The Ninth Circuit Court’s decisions defy federal law

By: Steven J. Mandel

For decades, the Ninth Circuit Court of Appeals has been and still is one of the most liberal courts in the nation and has continually put their political ideologies before the Constitution and federal law.

On Feb 8., the court ruled the “Executive Order: Protecting the Nation from Foreign Terrorist Entry into The United States” unconstitutional and against federal law, therefore issuing a temporary restraining order. However, this decision contradicts 8 U.S. Code §1182 (F) “Suspension of entry or imposition of restrictions by President,” which states:

“Whenever the President finds the entry of any aliens or of any class of aliens into the United States would be detrimental to the interests of the United States, he may by proclamation, and for such period as he shall deem necessary, suspend the entry of all aliens or any class of aliens as immigrants or nonimmigrants, or impose on the entry of aliens any restrictions he may deem to be appropriate.”

As evident above, President Donald Trump’s executive order is within his powers, is constitutional and is in accordance with federal law.

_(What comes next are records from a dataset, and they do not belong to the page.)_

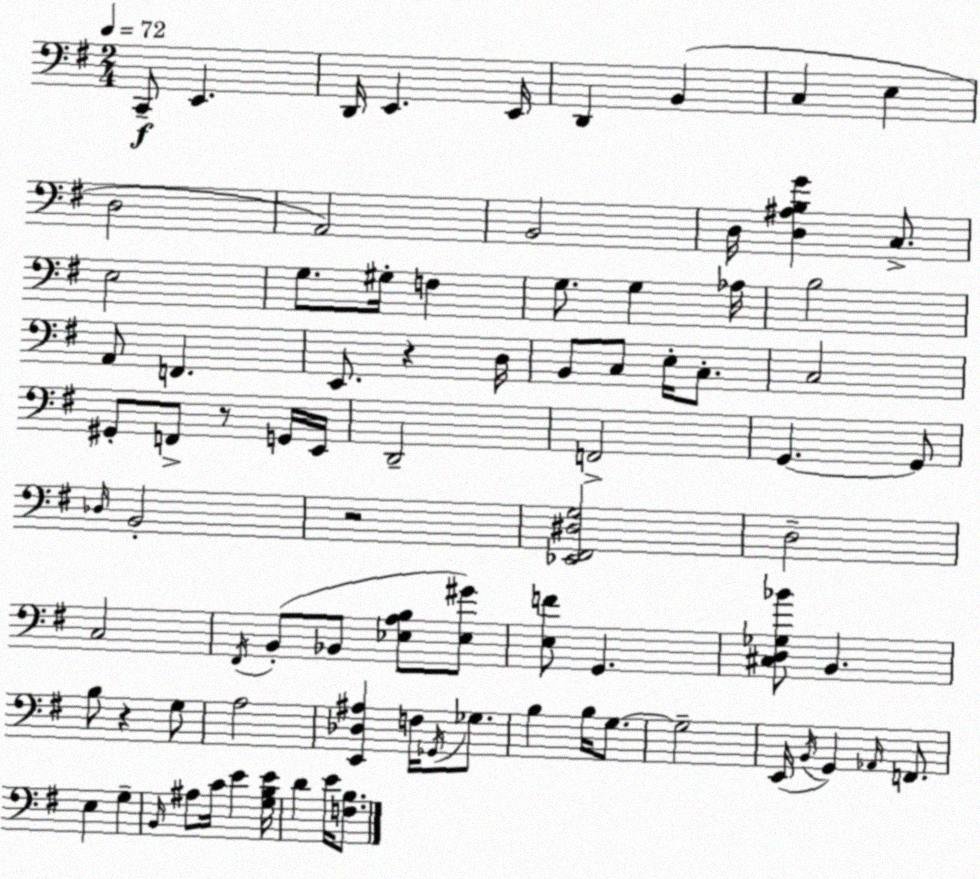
X:1
T:Untitled
M:2/4
L:1/4
K:G
C,,/2 E,, D,,/4 E,, E,,/4 D,, B,, C, E, D,2 A,,2 B,,2 D,/4 [D,^A,B,G] C,/2 E,2 G,/2 ^G,/4 F, G,/2 G, _A,/4 B,2 A,,/2 F,, E,,/2 z D,/4 B,,/2 C,/2 E,/4 C,/2 C,2 ^G,,/2 F,,/2 z/2 G,,/4 E,,/4 D,,2 F,,2 G,, G,,/2 _D,/4 B,,2 z2 [_E,,^F,,^D,G,]2 D,2 C,2 ^F,,/4 B,,/2 _B,,/2 [_E,A,B,]/2 [_E,^G]/2 [E,F]/2 G,, [^C,D,_G,_B]/2 B,, B,/2 z G,/2 A,2 [E,,_D,^A,] F,/4 _G,,/4 _G,/2 B, B,/4 G,/2 G,2 E,,/4 B,,/4 G,, _A,,/4 F,,/2 E, G, B,,/4 ^A,/2 C/4 E [G,B,E]/4 D E/4 [F,B,]/2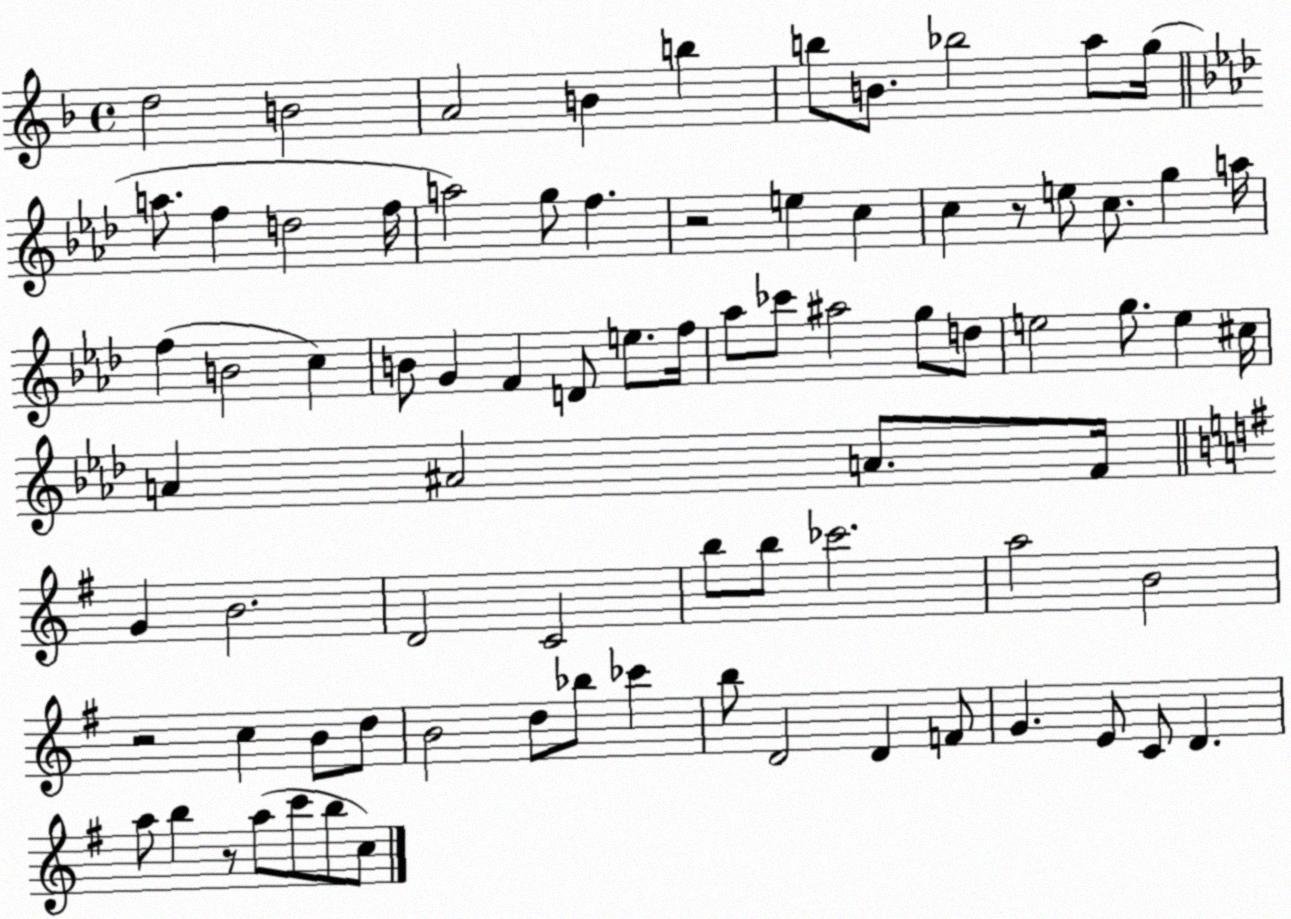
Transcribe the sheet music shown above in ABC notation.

X:1
T:Untitled
M:4/4
L:1/4
K:F
d2 B2 A2 B b b/2 B/2 _b2 a/2 g/4 a/2 f d2 f/4 a2 g/2 f z2 e c c z/2 e/2 c/2 g a/4 f B2 c B/2 G F D/2 e/2 f/4 _a/2 _c'/2 ^a2 g/2 d/2 e2 g/2 e ^c/4 A ^A2 A/2 F/4 G B2 D2 C2 b/2 b/2 _c'2 a2 B2 z2 c B/2 d/2 B2 d/2 _b/2 _c' b/2 D2 D F/2 G E/2 C/2 D a/2 b z/2 a/2 c'/2 b/2 c/2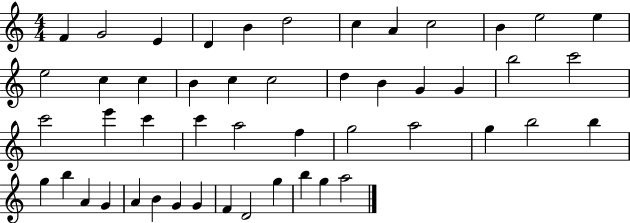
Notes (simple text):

F4/q G4/h E4/q D4/q B4/q D5/h C5/q A4/q C5/h B4/q E5/h E5/q E5/h C5/q C5/q B4/q C5/q C5/h D5/q B4/q G4/q G4/q B5/h C6/h C6/h E6/q C6/q C6/q A5/h F5/q G5/h A5/h G5/q B5/h B5/q G5/q B5/q A4/q G4/q A4/q B4/q G4/q G4/q F4/q D4/h G5/q B5/q G5/q A5/h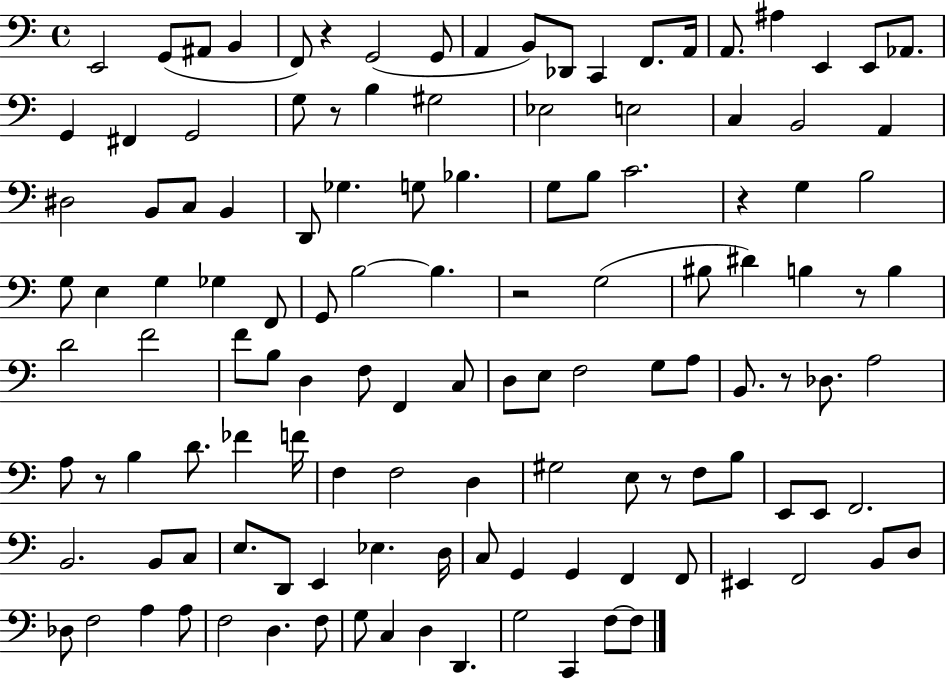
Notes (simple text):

E2/h G2/e A#2/e B2/q F2/e R/q G2/h G2/e A2/q B2/e Db2/e C2/q F2/e. A2/s A2/e. A#3/q E2/q E2/e Ab2/e. G2/q F#2/q G2/h G3/e R/e B3/q G#3/h Eb3/h E3/h C3/q B2/h A2/q D#3/h B2/e C3/e B2/q D2/e Gb3/q. G3/e Bb3/q. G3/e B3/e C4/h. R/q G3/q B3/h G3/e E3/q G3/q Gb3/q F2/e G2/e B3/h B3/q. R/h G3/h BIS3/e D#4/q B3/q R/e B3/q D4/h F4/h F4/e B3/e D3/q F3/e F2/q C3/e D3/e E3/e F3/h G3/e A3/e B2/e. R/e Db3/e. A3/h A3/e R/e B3/q D4/e. FES4/q F4/s F3/q F3/h D3/q G#3/h E3/e R/e F3/e B3/e E2/e E2/e F2/h. B2/h. B2/e C3/e E3/e. D2/e E2/q Eb3/q. D3/s C3/e G2/q G2/q F2/q F2/e EIS2/q F2/h B2/e D3/e Db3/e F3/h A3/q A3/e F3/h D3/q. F3/e G3/e C3/q D3/q D2/q. G3/h C2/q F3/e F3/e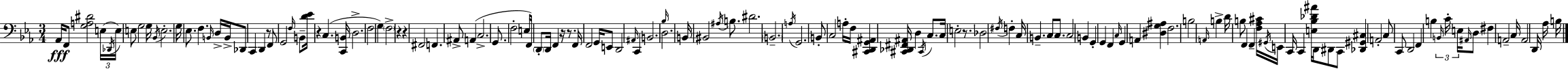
{
  \clef bass
  \numericTimeSignature
  \time 3/4
  \key c \minor
  aes,16\fff f,8 <g a dis'>2 \tuplet 3/2 { e16( | \acciaccatura { des,16 } e16) } e8 g2 | g16 \acciaccatura { bes,16 } e2.-. | g16 ees8. f4. | \break \grace { b,16 } d16-> b,16-> des,8 c,4 d,4 | r8 f,8 g,2 | \grace { f16 } b,8-- <d' ees'>16 r4 c4.( | <c, b,>16 d2.-> | \break f2 | g4) \parenthesize f2-> | r4 r4 fis,2 | f,4. ais,8-> | \break a,4( c2.-> | g,8. f2-. | e16 f,16) \parenthesize d,8-. d,16 f,4 | r16 r8. f,16 f,2 | \break g,16 e,8 d,2 | \grace { ais,16 } c,4 b,2. | \grace { bes16 } d2. | b,16 bis,2 | \break \acciaccatura { ais16 } b8. dis'2. | \parenthesize b,2.-- | \acciaccatura { a16 } g,2. | b,8-. c2 | \break a16-. f16 <cis, d, g, ais,>4 | <cis, des, fis, ais,>16 d4 \acciaccatura { cis,16 } c8. c16 e2-. | r8. des2 | \acciaccatura { fis16 } f4-. c16 b,4.-- | \break c8 c8. c2 | b,4 g,4-. | g,4 f,4 \grace { c16 } g,4 | a,4 <dis g ais>4 f2. | \break b2 | \grace { a,16 } b4-> | d'16 b8 f,4 f,4-- <f aes cis'>16 | \acciaccatura { gis,16 } e,16 c,16 c,4 <e bes des' ais'>16 d,16 dis,8 c,8 | \break <des, gis, cis>4 a,2-. | c8 c,8 d,2 | f,4 b4 \tuplet 3/2 { \grace { b,16 } c'16-. e16 } | \grace { ais,16 } d8 fis4 a,2-- | \break c16 a,2 | d,16 aes16 b16 \bar "|."
}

This decision was not unexpected. Currently, 25 active judges comprise the Ninth Circuit. Eighteen are Democratic appointees and seven are Republican appointees. Therefore, 72 percent of the court leans liberal and only 28 percent leans conservative. This imbalance has led many of its decisions to be overturned by the U.S. Supreme Court. Based on numbers collected and reported by SCOTUSblog, from 2006 to 2015, the Supreme Court on average overturned 77.8 percent of the Ninth Circuit Court’s decisions, with the highest overturn rate at 92 percent in 2013 and the lowest at 60 percent in 2009.

A current case pending review by the Supreme Court is Peruta v. City of San Diego. In this case, the plaintiff(s) sought to carry a concealed firearm for self-defense, but the City of San Diego denied their applications for a permit, claiming they did not show “good cause” to carry. In response, the plaintiff(s) claimed the city’s definition of “good cause” violates their Second Amendment right.

The Ninth Circuit ruled in favor of the city and stated “We hold that the Second Amendment does not preserve or protect a right of a member of the general public to carry concealed firearms in public.” This statement is a blatant disregard to the Second Amendment, which states that “a well regulated Militia, being necessary to the security of a free State, the right of the people to keep and bear Arms, shall not be infringed.”

The United States militia, as defined by 10 U.S. Code § 311 “Militia: composition and classes,” consists of all able-bodied civilians either organized, as in military personnel, and/or unorganized, as in non-military personnel. Non-military personnel are regarded as the general public. Therefore, the Constitution and federal law grants the plaintiff(s) the right to carry a concealed firearm.

The decisions made in the two aforementioned cases are in line with liberal views on immigration, border security and gun rights. Coupled with the imbalance on bench and high overturn rate by the Supreme Court, the Ninth Circuit could be considered the most liberal court in the nation. To bring balance to courts, Republican Sens. Jeff Flake and John McCain of Arizona introduced a bill in January to carve out six states from the Ninth Circuit in order to create a new 12th Circuit. The bill is titled “Judicial Administration and Improvement Act of 2017” and can be read at congress.gov/bill/115th-congress/senate-bill/276/text.